# Can't see Kindle in Macbook Pro Finder Window



## dinalu (Apr 5, 2010)

Suddenly, I cannot see the Kindle in my MacBook Pro finder window.  I've tried different USB ports on the Mac, all work fine for other devices...cameras, iphones, etc.  But it cannot read the kindle.  Any known issues here? This has meant that ejecting the kindle (by pulling it out of the mac) leads to error message -- but I'd like to move over some pdf files and cannot, since the mac can't see the Kindle.  Ideas? 
Thanks!


----------



## Mike D. aka jmiked (Oct 28, 2008)

Have you tried rebooting both devices?

BTW, ejecting the Kindle is not done by pulling the plug from the Mac— that will lead to trouble sooner or later. You need to do a software Eject command prior to the disconnect.


Mike


----------



## VictoriaP (Mar 1, 2009)

Is the kindle showing as a drive directly on your desktop?  Mine usually shows in both places, and if it's on the desktop, you can open a finder window by clicking directly on the icon, or eject by right clicking on the icon to get a menu.

But if you've "ejected" by pulling the plug, then yes, you're going to have issues.  Do a full restart on both devices and try it again.


----------



## MissyP (Jul 24, 2010)

Hello Kindle Community.  I've searched and searched to try to find answer to this issue.  My DX used to show up in finder window, and now does not.  Running Mac os 10.4.  I cannot figure out why this is a prob or how to fix it.  I'm using the USB cord that came with the DX.  I've tried all the USB ports on the machine.  If I charge the kindle from the Macbook, I cannot unplug it without error message re: device removal. 

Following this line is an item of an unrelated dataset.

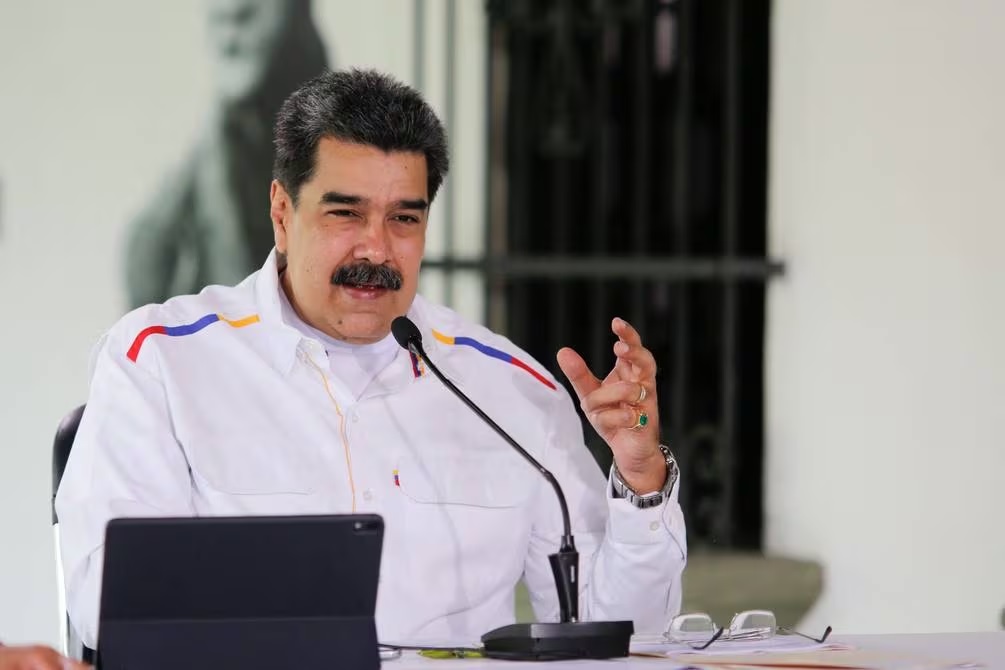 Nicolás Maduro, presidente de Venezuela, tildó de "loco" y "bandido" a su homólogo argentino, Javier Milei.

Any suggestions would be helpful. I;ve tried the reset button -- did not change anything. 

Thanks.


----------



## pidgeon92 (Oct 27, 2008)

It could just be lost on the Finder window; I often lose files there.

Connect your Kindle to the Macbook, open your *hard drive* (double-click the hard drive icon), and look on the top left of the window. Under devices you will see your hard drive, and if mounted properly, the Kindle drive.

When you go to eject, just click the eject button to the right of the Kindle icon.


----------



## MissyP (Jul 24, 2010)

Thanks.  I open the finder window, and the Kindle does not show up under devices.  I've rebooted both the Kindle and the MacBook.  I've read of others having this issue, but not sure of solution.


----------



## pidgeon92 (Oct 27, 2008)

If it is not appearing under devices, it should not be giving you an error when you remove the USB cord. When you open the hard drive, it is not technically a Finder window, so I hope we are talking about the same thing.

I a curious as to what happens when the Kindle is connected, and you choose About This Mac from the Apple menu. When you click on USB, one of the devices under the tree should be the Kindle.


----------